Record set:
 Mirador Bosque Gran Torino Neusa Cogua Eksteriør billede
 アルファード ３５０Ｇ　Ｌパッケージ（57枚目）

* * *

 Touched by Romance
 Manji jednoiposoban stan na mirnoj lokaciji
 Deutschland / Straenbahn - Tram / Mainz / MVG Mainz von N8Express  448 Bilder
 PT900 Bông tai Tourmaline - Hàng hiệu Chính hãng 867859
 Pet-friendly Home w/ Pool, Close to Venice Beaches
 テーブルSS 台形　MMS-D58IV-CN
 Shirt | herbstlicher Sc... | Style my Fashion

---

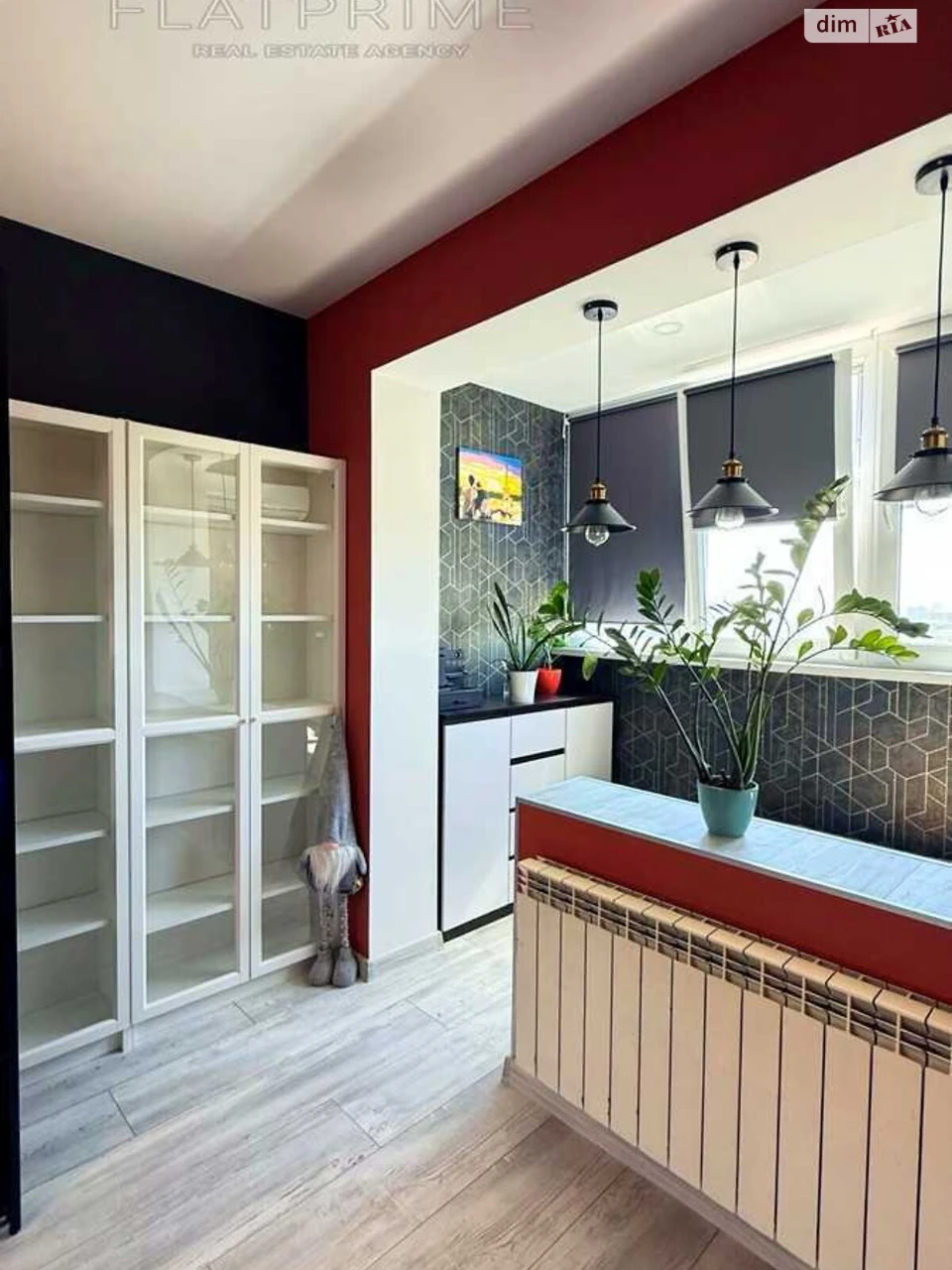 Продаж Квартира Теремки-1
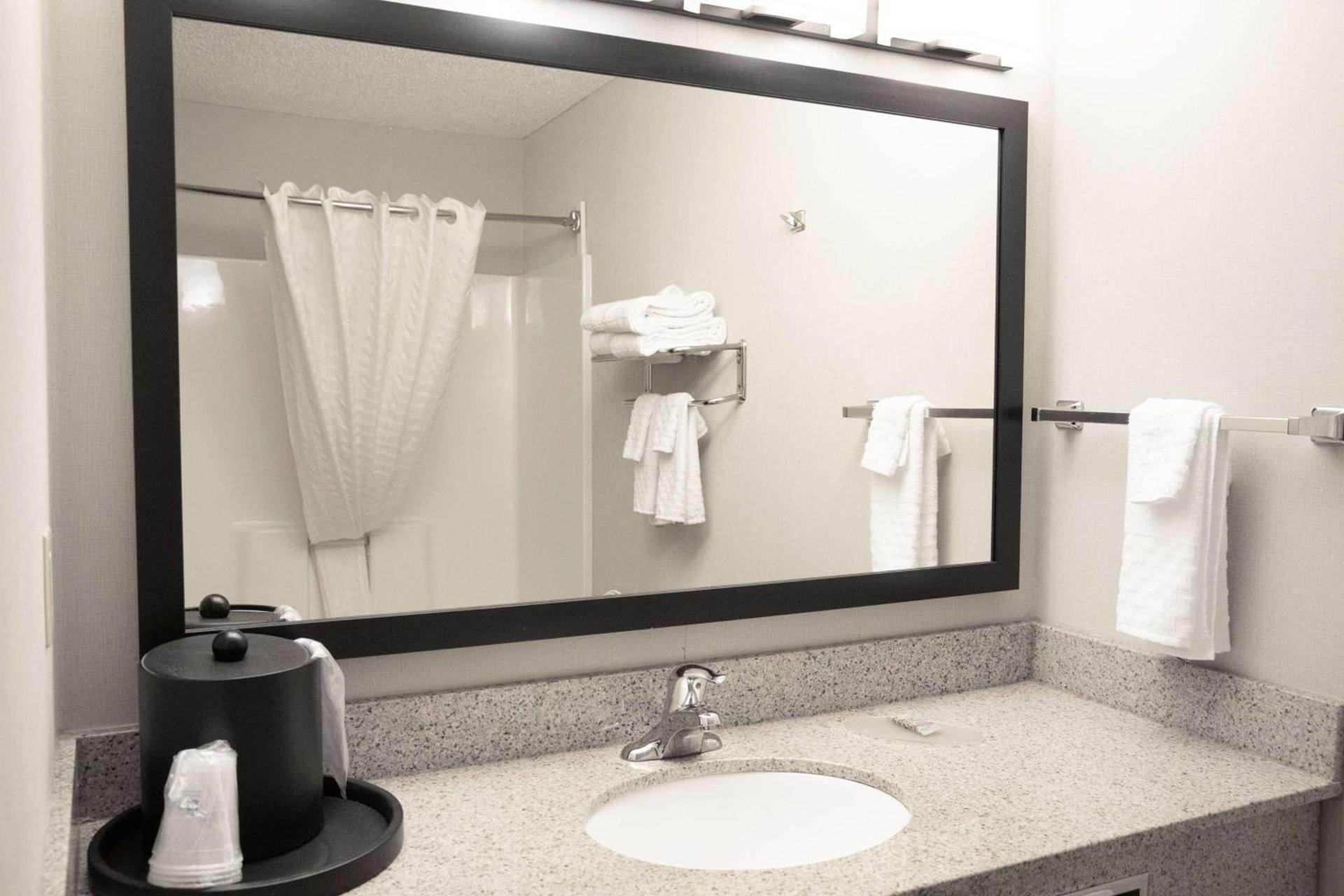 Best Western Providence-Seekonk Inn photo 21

Work to be completed:
Copy the lines above exactly, beginning at the line that has "PT900 Bông tai" and stopping after the line that has "Shirt | herbstlicher", and omit the rest.

Written reply:
 PT900 Bông tai Tourmaline - Hàng hiệu Chính hãng 867859
 Pet-friendly Home w/ Pool, Close to Venice Beaches
 テーブルSS 台形　MMS-D58IV-CN
 Shirt | herbstlicher Sc... | Style my Fashion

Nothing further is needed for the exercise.